Wine is all about pleasure, right? OK, maybe that's a simplification, but the bottom line is that in a world where we don't have to drink wine to
a) get us in such a mood to attack marauding Goths
b) warm our cockles because we live in a central-heating-less yurt
c) warp our vision so that we will procreate with anything with a pierced navel
And yet... Andrew Bajorek who posted this on Tom Cannavan's wine pages forum is not the first worried wino to suffer from single bottle syndrome. I write as someone whose wine cellar consists of serious quantities of single bottles. Wine writers are often sent wines in two-bottle consignments (one of them may be corked), and we don't have the time/inclination/liver to polish off the extras.
But the question remains: you have only one bottle of a potentially very nice wine - how do you ensure that you drink it at its peak?
And the answer remains: there is no definitive answer.
A cop out? No. Think about music. Think about food. think about cars. Do we all go for the same thing? No. And it's the same with wine. And even if you have two people who like wines from the Rhone, or Santorini, or Maipo, you will hardly ever get them to agree on a precise time when a wine is 'ready'. Some like grippy tannins and upfront fruit. Others prefer something more mellow and evolved.
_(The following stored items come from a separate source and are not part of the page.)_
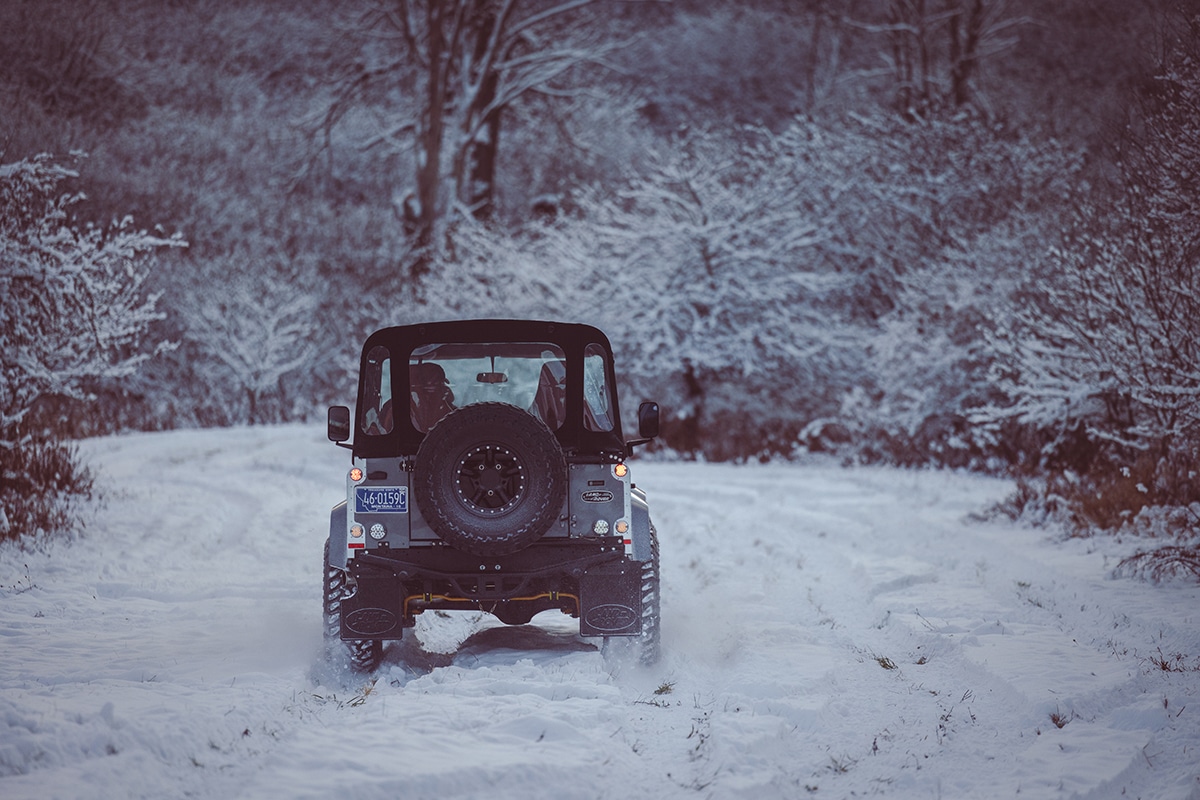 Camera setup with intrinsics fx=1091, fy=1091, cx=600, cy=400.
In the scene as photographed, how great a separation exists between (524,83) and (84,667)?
26141 mm

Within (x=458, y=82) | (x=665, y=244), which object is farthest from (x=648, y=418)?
(x=458, y=82)

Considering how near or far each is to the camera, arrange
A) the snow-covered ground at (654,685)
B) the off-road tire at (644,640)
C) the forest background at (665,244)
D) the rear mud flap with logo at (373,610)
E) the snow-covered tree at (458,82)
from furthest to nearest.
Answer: the snow-covered tree at (458,82) → the forest background at (665,244) → the off-road tire at (644,640) → the rear mud flap with logo at (373,610) → the snow-covered ground at (654,685)

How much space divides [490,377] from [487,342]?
27cm

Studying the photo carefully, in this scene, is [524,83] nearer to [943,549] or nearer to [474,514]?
[943,549]

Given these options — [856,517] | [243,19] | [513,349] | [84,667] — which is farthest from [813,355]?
[243,19]

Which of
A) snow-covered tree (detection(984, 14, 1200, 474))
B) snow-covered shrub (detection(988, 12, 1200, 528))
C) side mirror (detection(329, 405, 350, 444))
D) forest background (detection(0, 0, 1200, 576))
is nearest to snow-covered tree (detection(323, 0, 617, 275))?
forest background (detection(0, 0, 1200, 576))

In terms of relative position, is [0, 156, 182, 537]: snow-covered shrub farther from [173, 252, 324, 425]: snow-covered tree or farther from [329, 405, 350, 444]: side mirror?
[173, 252, 324, 425]: snow-covered tree

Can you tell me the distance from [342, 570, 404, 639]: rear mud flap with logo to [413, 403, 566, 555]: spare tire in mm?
535

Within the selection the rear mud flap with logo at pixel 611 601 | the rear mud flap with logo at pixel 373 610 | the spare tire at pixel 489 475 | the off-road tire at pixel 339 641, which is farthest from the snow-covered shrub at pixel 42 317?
the rear mud flap with logo at pixel 611 601

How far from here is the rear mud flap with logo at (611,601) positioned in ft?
21.0

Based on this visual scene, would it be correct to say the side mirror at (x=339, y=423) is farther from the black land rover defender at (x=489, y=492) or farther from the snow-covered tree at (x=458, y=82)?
the snow-covered tree at (x=458, y=82)

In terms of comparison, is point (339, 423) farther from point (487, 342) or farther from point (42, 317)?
point (42, 317)

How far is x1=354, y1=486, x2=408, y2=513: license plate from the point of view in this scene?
20.9ft

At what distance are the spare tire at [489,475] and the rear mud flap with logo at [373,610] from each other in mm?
535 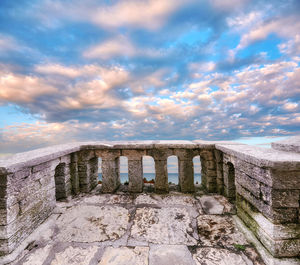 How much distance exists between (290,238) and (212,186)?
259 centimetres

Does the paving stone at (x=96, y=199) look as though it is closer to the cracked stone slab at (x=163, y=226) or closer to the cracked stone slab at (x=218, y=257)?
the cracked stone slab at (x=163, y=226)

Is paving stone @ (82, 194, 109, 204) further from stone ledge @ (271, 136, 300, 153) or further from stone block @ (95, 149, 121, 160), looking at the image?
stone ledge @ (271, 136, 300, 153)

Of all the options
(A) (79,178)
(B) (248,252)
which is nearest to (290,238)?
(B) (248,252)

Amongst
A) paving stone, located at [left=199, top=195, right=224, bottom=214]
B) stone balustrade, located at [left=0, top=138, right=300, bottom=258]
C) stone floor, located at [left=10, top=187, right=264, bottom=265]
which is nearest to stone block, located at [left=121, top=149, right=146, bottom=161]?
stone balustrade, located at [left=0, top=138, right=300, bottom=258]

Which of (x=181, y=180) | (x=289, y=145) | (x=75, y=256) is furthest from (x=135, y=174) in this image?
(x=289, y=145)

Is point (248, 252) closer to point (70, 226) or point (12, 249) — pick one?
point (70, 226)

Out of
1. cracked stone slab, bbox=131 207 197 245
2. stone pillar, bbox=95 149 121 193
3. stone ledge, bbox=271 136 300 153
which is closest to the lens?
cracked stone slab, bbox=131 207 197 245

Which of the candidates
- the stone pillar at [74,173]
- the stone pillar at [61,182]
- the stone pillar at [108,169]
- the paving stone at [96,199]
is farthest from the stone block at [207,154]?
the stone pillar at [61,182]

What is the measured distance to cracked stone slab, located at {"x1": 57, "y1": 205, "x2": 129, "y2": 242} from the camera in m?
3.29

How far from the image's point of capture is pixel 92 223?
12.2ft

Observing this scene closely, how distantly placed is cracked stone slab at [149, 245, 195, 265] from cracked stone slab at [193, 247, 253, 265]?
151 mm

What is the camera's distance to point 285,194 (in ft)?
8.75

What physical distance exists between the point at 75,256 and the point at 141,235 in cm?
121

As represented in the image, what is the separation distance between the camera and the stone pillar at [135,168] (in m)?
5.22
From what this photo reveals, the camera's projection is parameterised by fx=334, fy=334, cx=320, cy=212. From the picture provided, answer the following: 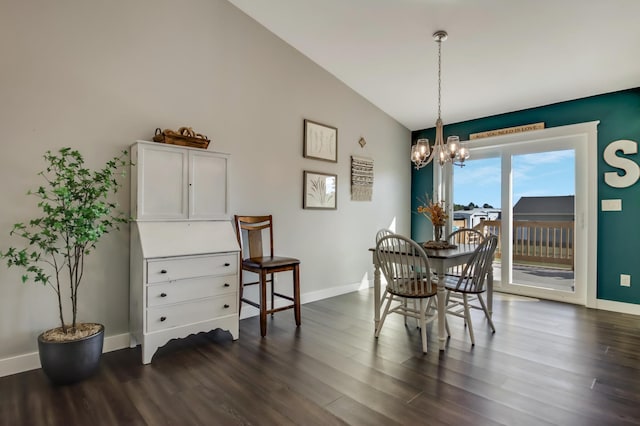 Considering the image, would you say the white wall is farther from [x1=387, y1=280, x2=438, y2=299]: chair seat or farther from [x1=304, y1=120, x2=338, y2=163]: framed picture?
[x1=387, y1=280, x2=438, y2=299]: chair seat

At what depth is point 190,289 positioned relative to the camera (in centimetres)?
257

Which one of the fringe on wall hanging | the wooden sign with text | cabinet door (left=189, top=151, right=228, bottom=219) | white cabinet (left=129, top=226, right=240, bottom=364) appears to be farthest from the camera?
the fringe on wall hanging

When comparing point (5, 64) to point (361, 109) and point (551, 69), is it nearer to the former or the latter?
point (361, 109)

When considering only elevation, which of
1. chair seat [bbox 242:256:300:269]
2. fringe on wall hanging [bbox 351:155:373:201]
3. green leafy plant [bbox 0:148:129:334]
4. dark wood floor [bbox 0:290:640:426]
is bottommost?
dark wood floor [bbox 0:290:640:426]

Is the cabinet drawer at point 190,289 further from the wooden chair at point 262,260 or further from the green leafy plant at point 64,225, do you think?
the green leafy plant at point 64,225

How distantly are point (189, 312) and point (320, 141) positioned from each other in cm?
243

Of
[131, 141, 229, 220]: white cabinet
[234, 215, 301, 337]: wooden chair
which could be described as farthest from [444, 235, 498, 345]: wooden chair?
[131, 141, 229, 220]: white cabinet

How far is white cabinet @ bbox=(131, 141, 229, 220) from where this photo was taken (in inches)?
97.4

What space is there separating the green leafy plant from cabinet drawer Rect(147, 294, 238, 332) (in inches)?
18.9

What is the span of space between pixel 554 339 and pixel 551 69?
2628mm

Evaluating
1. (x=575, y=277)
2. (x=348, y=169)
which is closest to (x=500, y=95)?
(x=348, y=169)

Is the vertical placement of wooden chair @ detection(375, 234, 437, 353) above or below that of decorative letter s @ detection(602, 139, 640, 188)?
below

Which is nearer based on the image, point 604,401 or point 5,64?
point 604,401

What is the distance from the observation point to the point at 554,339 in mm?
2812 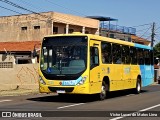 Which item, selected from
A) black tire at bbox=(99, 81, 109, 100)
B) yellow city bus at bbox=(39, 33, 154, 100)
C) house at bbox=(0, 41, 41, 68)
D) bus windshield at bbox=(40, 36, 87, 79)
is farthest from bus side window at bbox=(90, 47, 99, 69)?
house at bbox=(0, 41, 41, 68)

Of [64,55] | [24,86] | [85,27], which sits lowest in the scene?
[24,86]

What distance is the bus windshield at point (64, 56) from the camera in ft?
58.1

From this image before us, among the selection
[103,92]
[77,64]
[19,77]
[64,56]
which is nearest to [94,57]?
[77,64]

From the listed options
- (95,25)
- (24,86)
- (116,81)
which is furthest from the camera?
(95,25)

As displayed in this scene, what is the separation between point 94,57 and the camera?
1836cm

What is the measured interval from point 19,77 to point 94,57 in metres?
13.2

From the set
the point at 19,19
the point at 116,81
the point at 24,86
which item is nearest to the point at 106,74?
the point at 116,81

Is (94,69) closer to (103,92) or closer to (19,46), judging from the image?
(103,92)

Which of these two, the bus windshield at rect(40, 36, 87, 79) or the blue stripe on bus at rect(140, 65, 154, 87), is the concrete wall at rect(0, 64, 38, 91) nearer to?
the blue stripe on bus at rect(140, 65, 154, 87)

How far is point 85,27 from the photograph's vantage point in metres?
53.6

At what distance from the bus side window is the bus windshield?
0.40 metres

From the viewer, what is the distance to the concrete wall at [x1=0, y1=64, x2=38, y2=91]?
29906mm

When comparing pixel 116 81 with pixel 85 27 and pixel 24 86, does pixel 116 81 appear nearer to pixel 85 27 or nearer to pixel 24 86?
pixel 24 86

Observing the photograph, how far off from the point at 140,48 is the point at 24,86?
9.47 m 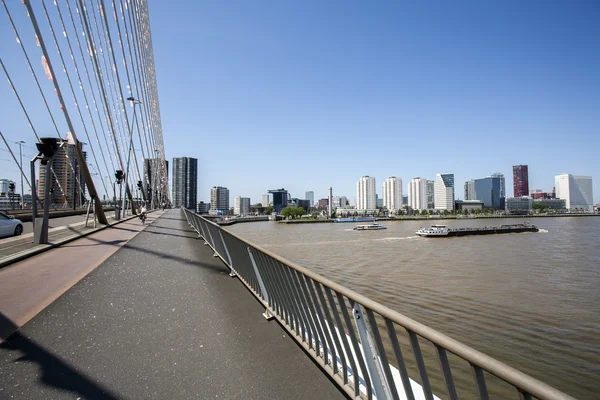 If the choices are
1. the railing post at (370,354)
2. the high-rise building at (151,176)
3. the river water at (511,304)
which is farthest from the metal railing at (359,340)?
the high-rise building at (151,176)

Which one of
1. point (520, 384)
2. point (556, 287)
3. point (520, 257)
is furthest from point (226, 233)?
point (520, 257)

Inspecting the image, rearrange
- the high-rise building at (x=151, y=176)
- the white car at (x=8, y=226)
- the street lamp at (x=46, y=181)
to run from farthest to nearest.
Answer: the high-rise building at (x=151, y=176) → the white car at (x=8, y=226) → the street lamp at (x=46, y=181)

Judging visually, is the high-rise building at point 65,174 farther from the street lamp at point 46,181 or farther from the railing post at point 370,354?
the railing post at point 370,354

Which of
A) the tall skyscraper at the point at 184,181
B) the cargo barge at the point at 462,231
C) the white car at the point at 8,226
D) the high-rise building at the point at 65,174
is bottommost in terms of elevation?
the cargo barge at the point at 462,231

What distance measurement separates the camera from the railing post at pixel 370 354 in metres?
2.27

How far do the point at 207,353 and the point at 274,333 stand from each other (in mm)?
915

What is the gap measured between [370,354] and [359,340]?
0.84m

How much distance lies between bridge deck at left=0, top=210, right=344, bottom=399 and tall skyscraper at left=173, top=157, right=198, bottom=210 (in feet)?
459

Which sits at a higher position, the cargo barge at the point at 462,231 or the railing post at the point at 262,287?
the railing post at the point at 262,287

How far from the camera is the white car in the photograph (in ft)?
38.5

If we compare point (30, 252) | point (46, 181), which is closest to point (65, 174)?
point (46, 181)

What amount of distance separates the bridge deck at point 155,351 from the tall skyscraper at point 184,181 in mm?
139822

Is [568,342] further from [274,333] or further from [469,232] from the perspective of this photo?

The important thing is that no one is wrong in preferring wines at whatever stage of development they are at.
My advice for for single bottle owners? By all means check out what other online drinkers are saying about wines. But if you're still in two minds, open them on a Friday night. If it's ready, you can drink it there and then. If it's not, chances are that it will be starting to shine on Saturday.